─── Given entries ───

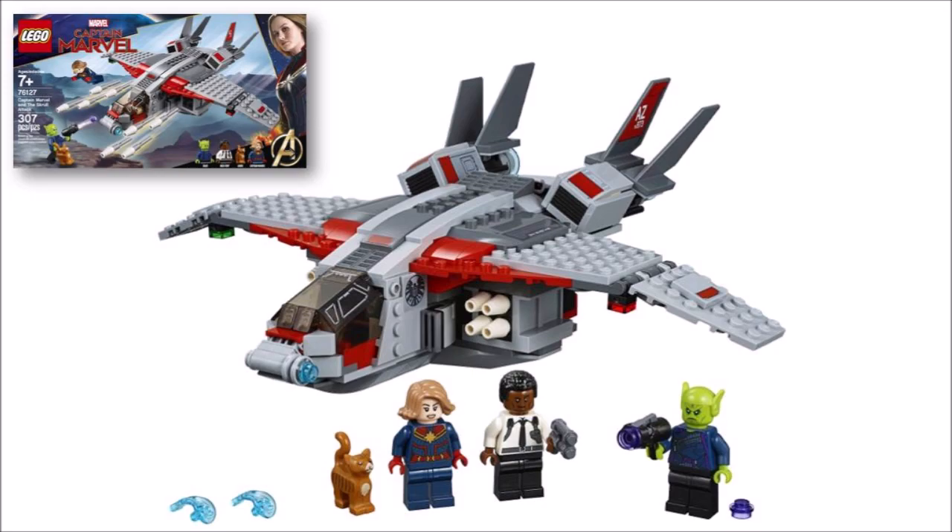We also think it's great fans can get a new version of the Quinjet in a smaller set for once, and with its 8 flick missiles, folding wings, opening cockpit, and angled engines it will be fun to use in battle.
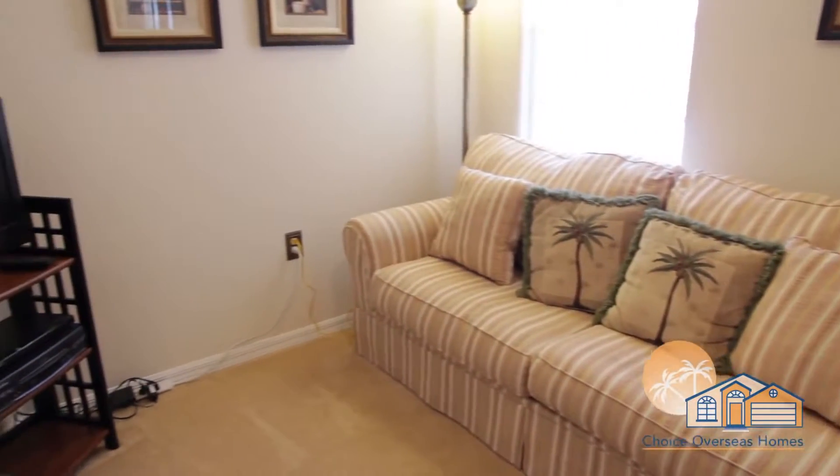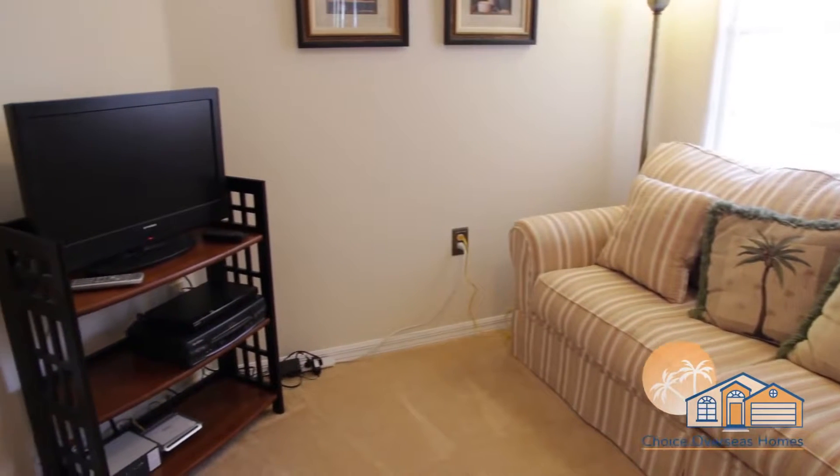A den is provided for those who want a little quiet time or to catch up with emails.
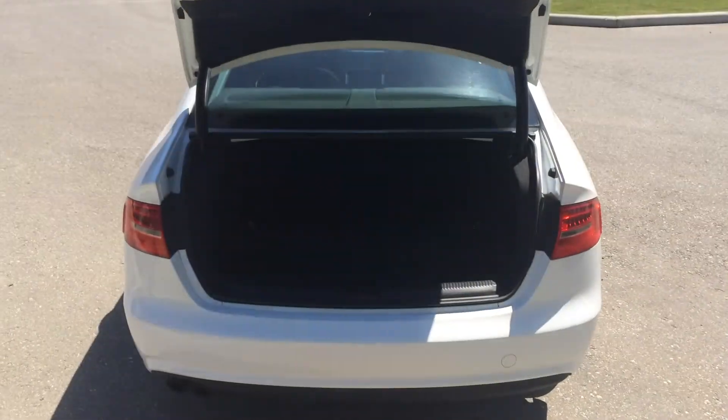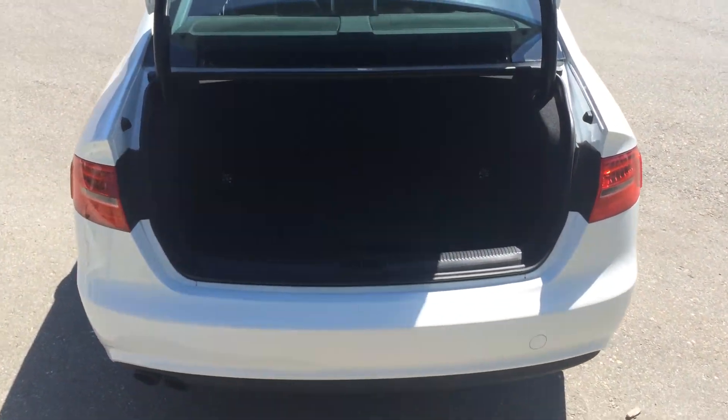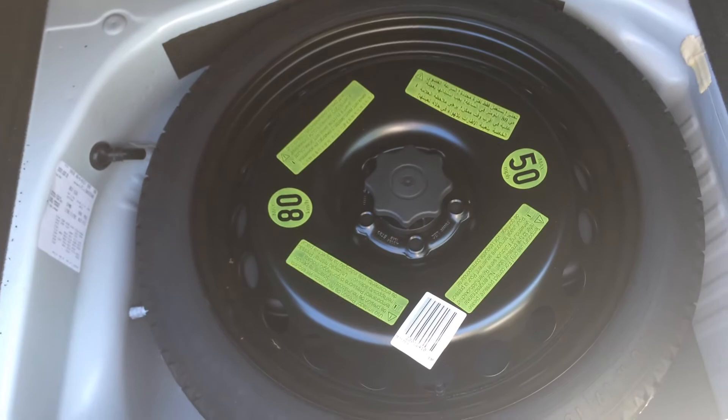The trunk is easily accessible via a button on the key fob. As you can see, the trunk of this A4 is a lot more spacious than one may think, which allows for a lot of cargo storage. It comes with hooks for tie-down straps, as well as a compact tire, a jack, and a small tool kit.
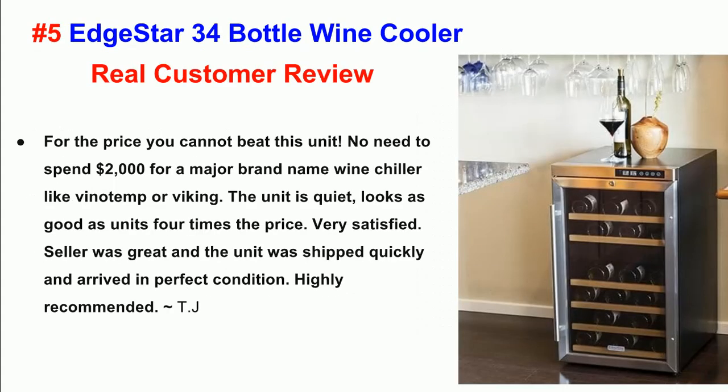Number 5: EdgeStar 34 Bottle Wine Cooler. Real Customer Review. For the price, you cannot beat this unit — no need to spend $2,000 for a major brand name wine chiller like Vinotempe or Viking. The unit is quiet, looks as good as units four times the price. Very satisfied — the seller was great and the unit was shipped quickly and arrived in perfect condition. Highly recommended.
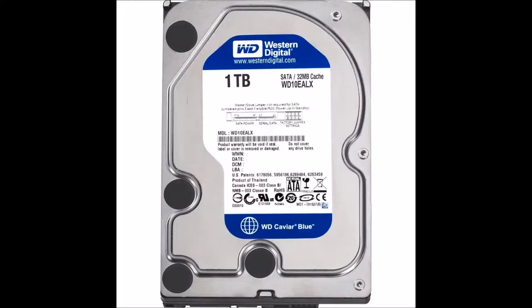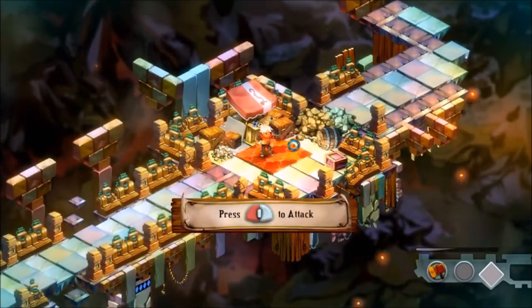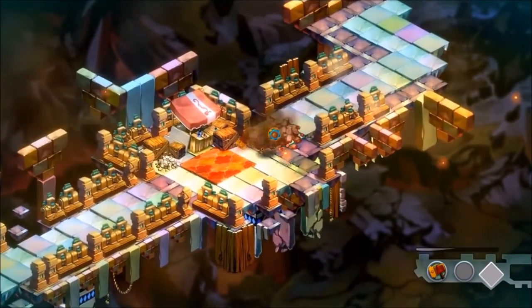Next we go with a Western Digital Caviar Blue 1 terabyte hard drive for storage. In this build we can't fit an SSD because there will be no money left to include one.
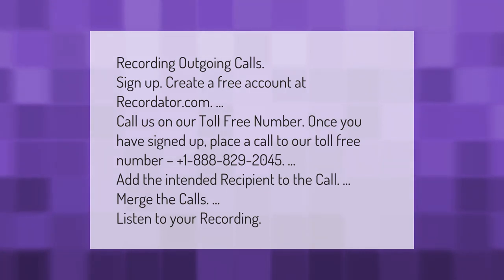Recording outgoing calls: sign up and create a free account at recordator.com. Call us on our toll-free number once you have signed up. Place a call to our toll-free number plus 1-888-829-2045, add the intended recipient to the call, merge the calls, and listen to your recording.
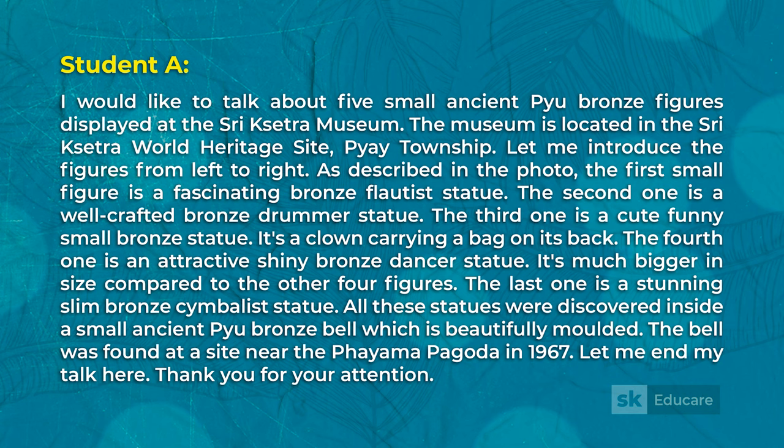Let me introduce the figures from left to right, as described in the photo. The first small figure is a fascinating bronze flautist statue. The second one is a well-crafted bronze drummer statue. The third one is a cute funny small bronze statue — it's a clown carrying a bag on its back.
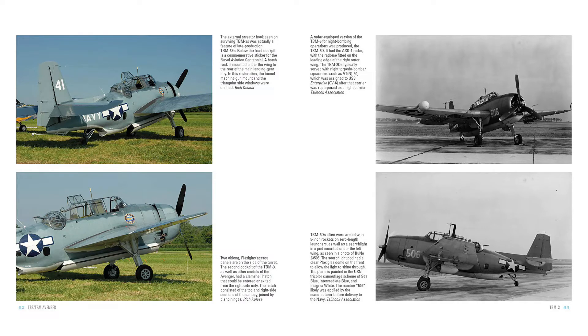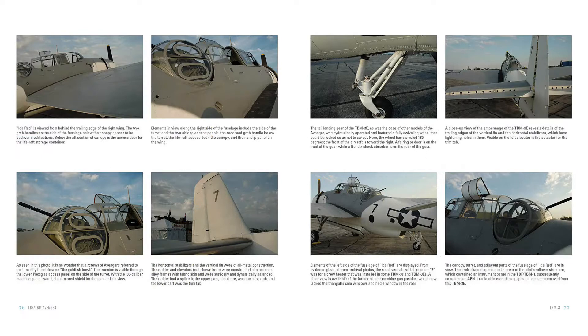Through carefully researched photos, many of which have never before been published and which are reproduced in remarkable clarity, the history and details of this iconic aircraft are revealed and put the reader in the skies with this historic aircraft. Find the link below and buy the book now.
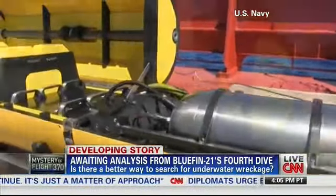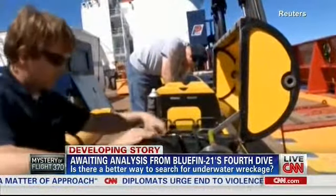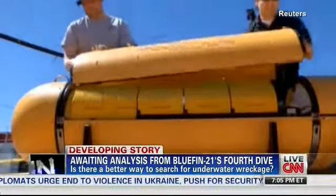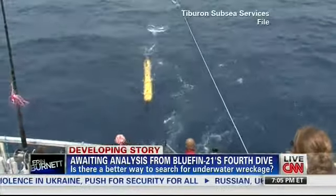...the cheapest water vehicle it had available, which raises the question: is the best equipment being used to look for the missing jet? Rosa Flores, CNN, Cape Cod, Massachusetts.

───

| Requirement |
Before printing the records again, strip out the pictures; change nothing else.

| Answer area |
We also think it's great fans can get a new version of the Quinjet in a smaller set for once, and with its 8 flick missiles, folding wings, opening cockpit, and angled engines it will be fun to use in battle.
A den is provided for those who want a little quiet time or to catch up with emails.
The trunk is easily accessible via a button on the key fob. As you can see, the trunk of this A4 is a lot more spacious than one may think, which allows for a lot of cargo storage. It comes with hooks for tie-down straps, as well as a compact tire, a jack, and a small tool kit.
Number 5: EdgeStar 34 Bottle Wine Cooler. Real Customer Review. For the price, you cannot beat this unit — no need to spend $2,000 for a major brand name wine chiller like Vinotempe or Viking. The unit is quiet, looks as good as units four times the price. Very satisfied — the seller was great and the unit was shipped quickly and arrived in perfect condition. Highly recommended.
Next we go with a Western Digital Caviar Blue 1 terabyte hard drive for storage. In this build we can't fit an SSD because there will be no money left to include one.
Recording outgoing calls: sign up and create a free account at recordator.com. Call us on our toll-free number once you have signed up. Place a call to our toll-free number plus 1-888-829-2045, add the intended recipient to the call, merge the calls, and listen to your recording.
Let me introduce the figures from left to right, as described in the photo. The first small figure is a fascinating bronze flautist statue. The second one is a well-crafted bronze drummer statue. The third one is a cute funny small bronze statue — it's a clown carrying a bag on its back.
Through carefully researched photos, many of which have never before been published and which are reproduced in remarkable clarity, the history and details of this iconic aircraft are revealed and put the reader in the skies with this historic aircraft. Find the link below and buy the book now.
...the cheapest water vehicle it had available, which raises the question: is the best equipment being used to look for the missing jet? Rosa Flores, CNN, Cape Cod, Massachusetts.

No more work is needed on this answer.